■ Supplied data:
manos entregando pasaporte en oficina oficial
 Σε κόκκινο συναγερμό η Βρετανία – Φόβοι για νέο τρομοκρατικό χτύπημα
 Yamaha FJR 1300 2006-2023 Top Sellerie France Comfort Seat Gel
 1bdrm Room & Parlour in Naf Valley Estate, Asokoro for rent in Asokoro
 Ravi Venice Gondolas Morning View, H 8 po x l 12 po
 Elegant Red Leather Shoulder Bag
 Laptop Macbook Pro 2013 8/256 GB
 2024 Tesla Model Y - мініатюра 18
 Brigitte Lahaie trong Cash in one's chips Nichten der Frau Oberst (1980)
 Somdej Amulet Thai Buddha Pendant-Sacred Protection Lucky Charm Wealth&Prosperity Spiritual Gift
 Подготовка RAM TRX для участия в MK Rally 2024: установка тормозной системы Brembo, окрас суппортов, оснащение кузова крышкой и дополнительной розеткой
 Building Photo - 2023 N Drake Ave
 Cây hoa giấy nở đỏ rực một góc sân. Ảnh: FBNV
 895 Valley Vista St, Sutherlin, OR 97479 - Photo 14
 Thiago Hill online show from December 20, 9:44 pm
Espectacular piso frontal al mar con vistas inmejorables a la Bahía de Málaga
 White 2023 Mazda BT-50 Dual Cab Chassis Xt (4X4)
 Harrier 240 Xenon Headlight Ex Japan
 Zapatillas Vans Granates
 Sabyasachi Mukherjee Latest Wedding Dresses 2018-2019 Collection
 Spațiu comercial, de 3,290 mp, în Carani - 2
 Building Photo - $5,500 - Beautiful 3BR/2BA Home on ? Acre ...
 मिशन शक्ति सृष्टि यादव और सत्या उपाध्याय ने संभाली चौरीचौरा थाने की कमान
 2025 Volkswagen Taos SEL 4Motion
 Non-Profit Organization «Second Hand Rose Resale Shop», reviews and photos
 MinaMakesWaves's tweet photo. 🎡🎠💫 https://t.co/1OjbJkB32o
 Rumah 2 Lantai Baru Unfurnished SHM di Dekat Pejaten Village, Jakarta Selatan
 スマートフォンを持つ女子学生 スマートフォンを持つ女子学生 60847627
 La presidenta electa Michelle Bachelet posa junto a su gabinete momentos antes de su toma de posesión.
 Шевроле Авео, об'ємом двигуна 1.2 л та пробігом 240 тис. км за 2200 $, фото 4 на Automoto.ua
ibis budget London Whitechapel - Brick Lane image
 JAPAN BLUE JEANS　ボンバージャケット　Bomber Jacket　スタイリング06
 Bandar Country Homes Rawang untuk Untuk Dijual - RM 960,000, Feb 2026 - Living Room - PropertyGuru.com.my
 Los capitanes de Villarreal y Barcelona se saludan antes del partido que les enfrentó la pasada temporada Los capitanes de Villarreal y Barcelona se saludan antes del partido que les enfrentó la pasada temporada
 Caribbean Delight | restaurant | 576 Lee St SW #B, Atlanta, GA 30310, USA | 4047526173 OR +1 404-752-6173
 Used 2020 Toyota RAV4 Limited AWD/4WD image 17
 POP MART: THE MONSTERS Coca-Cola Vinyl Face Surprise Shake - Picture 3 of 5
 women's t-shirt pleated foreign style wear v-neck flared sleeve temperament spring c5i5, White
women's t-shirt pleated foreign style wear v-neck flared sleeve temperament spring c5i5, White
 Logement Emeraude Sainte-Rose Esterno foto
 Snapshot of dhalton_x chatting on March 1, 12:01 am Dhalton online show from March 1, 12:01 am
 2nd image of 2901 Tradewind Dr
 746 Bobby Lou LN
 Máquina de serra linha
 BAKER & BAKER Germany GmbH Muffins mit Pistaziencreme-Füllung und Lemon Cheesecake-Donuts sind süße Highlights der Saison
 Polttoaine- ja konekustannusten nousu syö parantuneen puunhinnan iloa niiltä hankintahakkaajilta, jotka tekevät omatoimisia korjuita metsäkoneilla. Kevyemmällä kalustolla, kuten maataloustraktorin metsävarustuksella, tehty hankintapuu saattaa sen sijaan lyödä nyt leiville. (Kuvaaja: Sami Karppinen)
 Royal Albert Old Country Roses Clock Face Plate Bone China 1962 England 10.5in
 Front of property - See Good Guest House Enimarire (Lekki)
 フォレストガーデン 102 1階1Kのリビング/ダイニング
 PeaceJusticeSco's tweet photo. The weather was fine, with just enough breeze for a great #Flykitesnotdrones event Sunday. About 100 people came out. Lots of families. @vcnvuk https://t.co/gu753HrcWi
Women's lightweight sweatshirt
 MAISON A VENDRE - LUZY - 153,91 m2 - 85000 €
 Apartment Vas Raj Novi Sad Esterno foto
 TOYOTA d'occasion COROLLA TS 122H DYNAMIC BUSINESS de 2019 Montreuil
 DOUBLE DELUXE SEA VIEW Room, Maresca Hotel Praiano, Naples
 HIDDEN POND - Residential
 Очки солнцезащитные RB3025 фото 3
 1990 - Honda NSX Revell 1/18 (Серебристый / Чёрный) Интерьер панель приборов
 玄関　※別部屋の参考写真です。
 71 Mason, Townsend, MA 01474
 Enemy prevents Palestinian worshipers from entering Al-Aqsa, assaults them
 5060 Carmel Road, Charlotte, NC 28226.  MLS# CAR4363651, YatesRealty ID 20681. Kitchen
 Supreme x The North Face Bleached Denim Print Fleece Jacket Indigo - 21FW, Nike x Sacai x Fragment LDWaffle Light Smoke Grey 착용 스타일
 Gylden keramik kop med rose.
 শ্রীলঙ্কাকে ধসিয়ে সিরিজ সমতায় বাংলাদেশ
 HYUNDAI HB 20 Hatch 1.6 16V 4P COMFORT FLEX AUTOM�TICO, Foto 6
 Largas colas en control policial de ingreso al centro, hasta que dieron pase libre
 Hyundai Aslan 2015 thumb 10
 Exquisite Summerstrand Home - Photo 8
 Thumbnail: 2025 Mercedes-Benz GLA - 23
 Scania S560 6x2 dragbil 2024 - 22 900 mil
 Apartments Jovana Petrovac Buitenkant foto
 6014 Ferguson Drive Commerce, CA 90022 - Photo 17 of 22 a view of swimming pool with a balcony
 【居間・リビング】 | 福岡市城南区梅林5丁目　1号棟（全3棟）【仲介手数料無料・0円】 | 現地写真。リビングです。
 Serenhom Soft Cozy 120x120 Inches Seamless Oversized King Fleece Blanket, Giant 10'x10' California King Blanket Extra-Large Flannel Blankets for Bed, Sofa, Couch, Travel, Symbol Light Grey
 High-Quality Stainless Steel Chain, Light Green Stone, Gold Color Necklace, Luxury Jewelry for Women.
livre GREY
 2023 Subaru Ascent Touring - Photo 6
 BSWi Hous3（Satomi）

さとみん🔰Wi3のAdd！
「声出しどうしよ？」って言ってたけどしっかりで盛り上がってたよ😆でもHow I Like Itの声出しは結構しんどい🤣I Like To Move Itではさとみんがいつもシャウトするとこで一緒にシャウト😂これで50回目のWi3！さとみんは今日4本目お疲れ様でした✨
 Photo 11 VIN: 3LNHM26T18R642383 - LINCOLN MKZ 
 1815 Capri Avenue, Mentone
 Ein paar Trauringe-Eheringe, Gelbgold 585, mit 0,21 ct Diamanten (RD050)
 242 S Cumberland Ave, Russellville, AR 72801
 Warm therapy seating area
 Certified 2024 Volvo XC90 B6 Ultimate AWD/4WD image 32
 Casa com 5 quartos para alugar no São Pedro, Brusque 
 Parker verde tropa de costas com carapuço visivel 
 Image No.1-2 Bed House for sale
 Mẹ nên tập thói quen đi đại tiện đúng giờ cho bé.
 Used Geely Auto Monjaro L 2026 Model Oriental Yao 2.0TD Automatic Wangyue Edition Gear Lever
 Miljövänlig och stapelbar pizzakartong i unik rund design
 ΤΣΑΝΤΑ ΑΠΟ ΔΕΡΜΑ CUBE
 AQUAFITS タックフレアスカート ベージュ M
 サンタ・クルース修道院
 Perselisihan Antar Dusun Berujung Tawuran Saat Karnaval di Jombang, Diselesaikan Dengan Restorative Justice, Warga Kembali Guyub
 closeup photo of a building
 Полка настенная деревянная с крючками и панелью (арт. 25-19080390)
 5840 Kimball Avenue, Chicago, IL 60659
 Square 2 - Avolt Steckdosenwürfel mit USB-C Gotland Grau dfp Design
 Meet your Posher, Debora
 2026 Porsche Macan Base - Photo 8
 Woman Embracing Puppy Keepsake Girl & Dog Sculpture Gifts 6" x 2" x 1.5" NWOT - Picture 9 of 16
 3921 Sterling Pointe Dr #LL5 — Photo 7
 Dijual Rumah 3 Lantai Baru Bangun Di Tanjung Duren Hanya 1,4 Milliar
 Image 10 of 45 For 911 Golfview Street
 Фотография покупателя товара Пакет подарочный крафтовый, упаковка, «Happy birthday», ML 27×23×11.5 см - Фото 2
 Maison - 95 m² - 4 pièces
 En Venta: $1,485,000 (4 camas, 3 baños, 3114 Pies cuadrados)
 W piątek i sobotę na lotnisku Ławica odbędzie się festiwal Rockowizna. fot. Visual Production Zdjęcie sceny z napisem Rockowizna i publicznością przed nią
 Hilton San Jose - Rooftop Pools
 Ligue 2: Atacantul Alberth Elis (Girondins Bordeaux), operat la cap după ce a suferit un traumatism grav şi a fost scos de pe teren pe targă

■ Task to carry out: Return every line from the entries above that includes the word "online".

■ Result below:
 Thiago Hill online show from December 20, 9:44 pm
 Snapshot of dhalton_x chatting on March 1, 12:01 am Dhalton online show from March 1, 12:01 am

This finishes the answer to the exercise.